Миф был щедр, но мир был скуп.
Вечность на нас точила зуб.
А смерть пустоглазая
наоборот –
на нас разевала беззубый рот.
Мы были отважны, мы были легки,
мы смерть, как собаку, кормили с руки,
и та, осенясь суеверно крестом,
махала косой и виляла хвостом.
казалось, мы в мире остались одни,
казалось, мы сделались смерти сродни,
и с нею на пару бросали в костер
тела наших братьев и души сестер.
*
* *
Хочу успеть, хочу посметь
словами выразить иными
твое рождение и смерть
и промежуток между ними.
Спускайся вверх, поднявшись вниз,
покуда наши жизни немо
то умещаются в дефис,
то не вмещаются в поэмы.
Молись, безбожная душа,
творись, телесная бесплотность.
Мертвеет воздух, не дыша,
и длится вечно мимолетность.
*
* *
Застенчивый ангел с губною гармошкой –
в юродивом мире, в больничной палате
и жизнь понарошку, и смерть понарошку,
и ты здесь случаен, и я здесь некстати.
Шепни на ушко мне высокую ересь,
земным преумножен, небесным унижен.
Над пустошью дышит задумчивый вереск
и светятся желтым созвездия хижин.
Исчезнув на пару в одной круговерти,
мы станем для мира последнею пядью –
и ты – от бессмертья шагающий к смерти,
и я – от распутья идущий к распятью.
*
* *
Я, угодивший в стальную орду,
в жесткие мякоти, в рыхлые тверди,
словно таблетку катаю во рту
это столетие с привкусом смерти.
Мне бы, как Гамлету, в собственном сне
спиться, забыться, оглохнуть от спячки.
Что за создатель отправил ко мне
хмурого ангела белой горячки?
Боже, которого, может быть, нет,
ты, разрушая вселенский порядок,
призмой готов преломить этот свет
на семицветие бешеных радуг.
Дай мне прожить от глотка до глотка,
воя с волками, шагая с полками.
Что ж ты, небесный, торгуешь с лотка
нашими жизнями, как пирожками?
Сотни неведомых мне хороня,
я прошепчу накануне итога:
если во мне не осталось меня,
где же отыщется место для Бога?
*
* *
Шире держу карман.
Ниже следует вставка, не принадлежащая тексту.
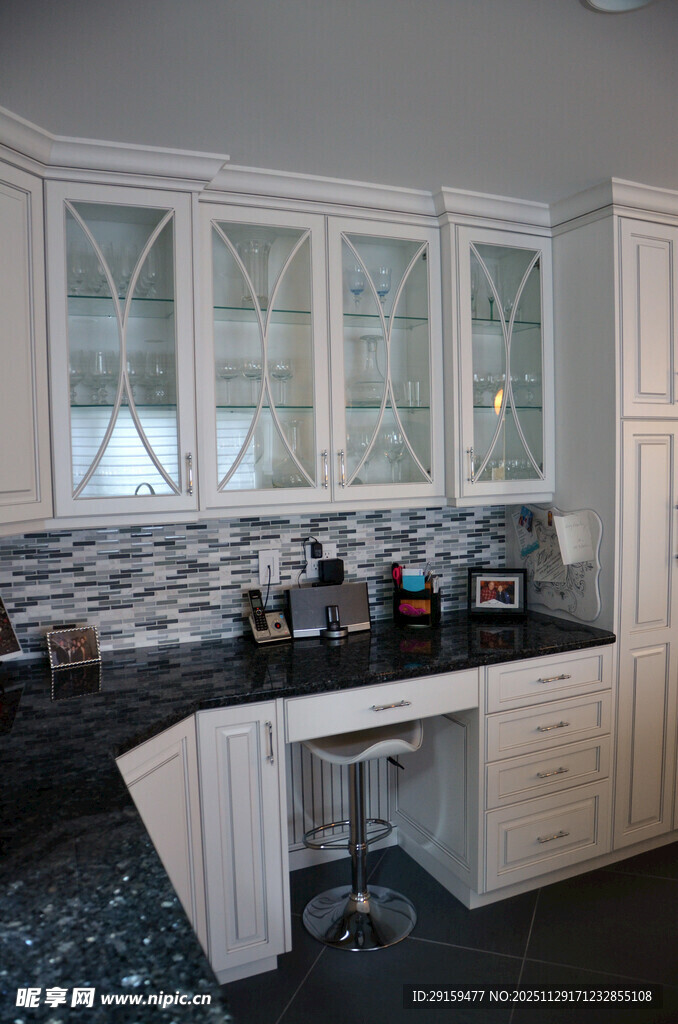 现代简约风格厨房橱柜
Работаю за стакан «спасибо».
Собутыльничаю с Хароном, глядя, как в водах Стикса
двигает плавниками гниющая с головы рыба.
Рыбе одной не спится. Мне одному не спиться.
Атлас мне сообщает, что есть и другие реки –
листаю, в уме спрягая матерные глаголы.
На том берегу толкутся какие-то имяреки.
Харон, подними мне веки, как Вию – стряхнув оболы.
Мне бы сюда мольберт – жертвенный, как треножник,
я написал бы дымку над черной речной водою.
«Я думал, ты алкоголик, а ты еще и художник», –
молвят Хароновы губы, прикрытые бородою.
«Я, – отвечу, – немыслим. Я, – отвечу, – несметен,
словно пчела в полете, словно жучок в навозе.
Лучше скажи, паромщик: сам-то ты, братец, смертен?»
«Вот отвезу последнего – и опочию в Бозе».
Совокупляясь гранями, эхом в подземных сводах
чокаются стаканы, чувственными боками
сжав похотливо водку. В илистых мертвых водах
гнилоголовая рыба двигает плавниками.
*
* *
Проклят Свидетелями Иеговы за неверие в дьявола,
я искал утешения в объятьях гетеры.
Та была рыжеволоса, очень мило картавила,
в руках вращала четки, над головой – небесные сферы,
убеждала меня остерегаться шуток –
мол, ценимое людьми не приветствуется богами,
говорила, что жизнь – узенький промежуток
меж троллейбусными рогами,
рассказывала трогательные истории из детства:
мама – невинна, как ангел, отец – ревнив, как Отелло.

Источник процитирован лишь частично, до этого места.